Hazelcast Goes Live on Pivotal Cloud Foundry

Hazelcast Pivotal Cloud Foundry Tile enables companies to deploy Hazelcast clusters seamlessly on-demand without operator intervention

Palo Alto, Calif., January 25, 2017Hazelcast®, the leading open source in-memory data grid (IMDG) with hundreds of thousands of installed clusters and over 17 million server starts per month, today announced that Hazelcast is now available as a Tile on Pivotal Cloud Foundry (PCF). Hazelcast for PCF 1.2 is an on-demand service broker that dynamically creates and scales Hazelcast clusters without pre-provisioning blocks of VMs (virtual machines).

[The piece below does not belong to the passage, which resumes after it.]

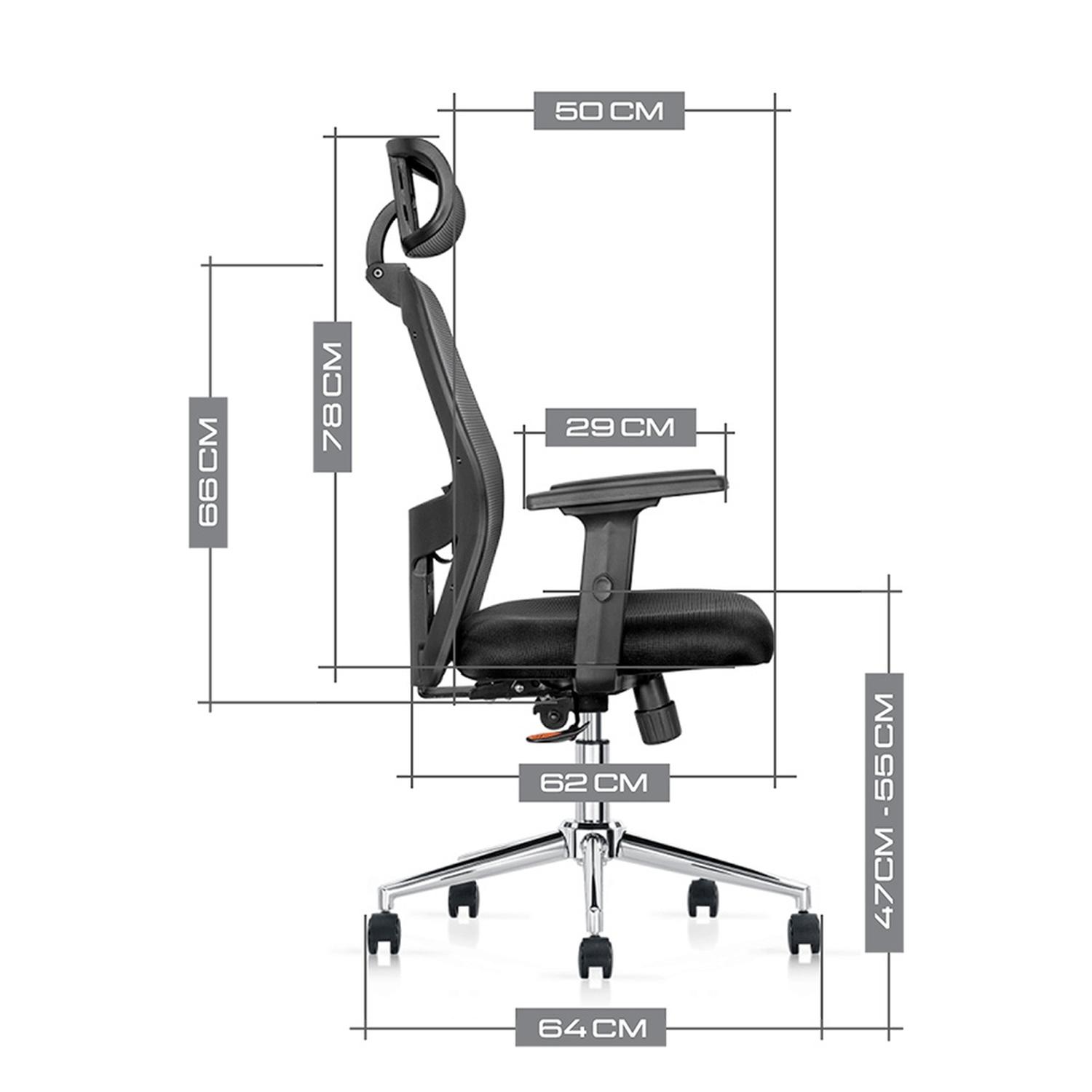 SILLA ERGONÓMICA MONACO PREMIUM NEGRO OFIDEAS - 7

The Tile integrates with Cloud Foundry to provide a frictionless user experience, requiring no PCF operator intervention.

The table below provides a comparison of similar Pivotal Cloud Foundry data service integrations currently available on the Pivotal Network (“PivNet”):

Hazelcast for PCF 1.2 Redis for PCF Gemfire for PCF
Highly available? Yes No Yes
Custom-size clusters? Yes No Partially
Scale-out cluster? Self-service Operator Operator
Increase node size Self-service Operator Operator
Add new cluster Self-service Operator Operator

Requiring no operator intervention (both Redis for PCF and Gemfire for PCF require pre-provisioning of VMs by the PaaS Operator ahead-of-time), Cloud Foundry users are now able to provision and scale new Hazelcast clusters, and add and remove nodes seamlessly as required. After downloading the Hazelcast tile from PivNet, the PaaS Operator simply uploads the tile into Pivotal Ops Manager, enters any required configuration into the GUI, and clicks ‘Install’. After installation, the PaaS Operator need have no further interaction with the Tile.

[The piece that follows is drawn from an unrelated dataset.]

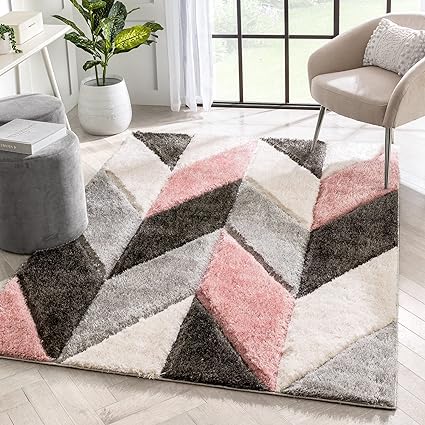 Blush Chevron Shaggy Rug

Users have the ability to choose from a variety of VM types, allowing them to increase the amount of RAM available to each node. Each Hazelcast cluster is provisioned on exclusive VMs, ensuring privacy of data and high availability. In addition, developers are able to use Hazelcast Spring Cloud connectors to automatically have a ClientConfig object available in their applications.

Hazelcast for PCF uses an on-demand services Software Development Kit (SDK), which is a part of Pivotal Cloud Services SDK, to fully utilize BOSH-2.0 (bosh outer shell, an open source project which offers a tool chain for release engineering, deployment & life-cycle management of large scale distributed services) features in order to achieve flexibility and on-demand provisioning. As the Hazelcast on-demand PCF tile deploys directly onto BOSH-managed VMs, it is not subject to the limitations of running inside a containerized solution – providing users with the flexibility to configure nodes as if they were manual instructions.

Greg Luck, CEO of Hazelcast, said: “Many of our customers are choosing Pivotal Cloud Foundry for their PaaS as they commence the migration of their computing infrastructure to the cloud. We believe in the vision of Pivotal Cloud Foundry and have made a large engineering investment in Hazelcast for PCF to bring the true self-service benefits of PCF to Hazelcast and Pivotal users. In so doing we have lifted the standard for caches and IMDGs running on PCF. Hazelcast for PCF delivers on the promise of self-service Platform-as-a-Service. I would like to thank Pivotal for their engineering assistance and their partnership, without which this would not have been possible.”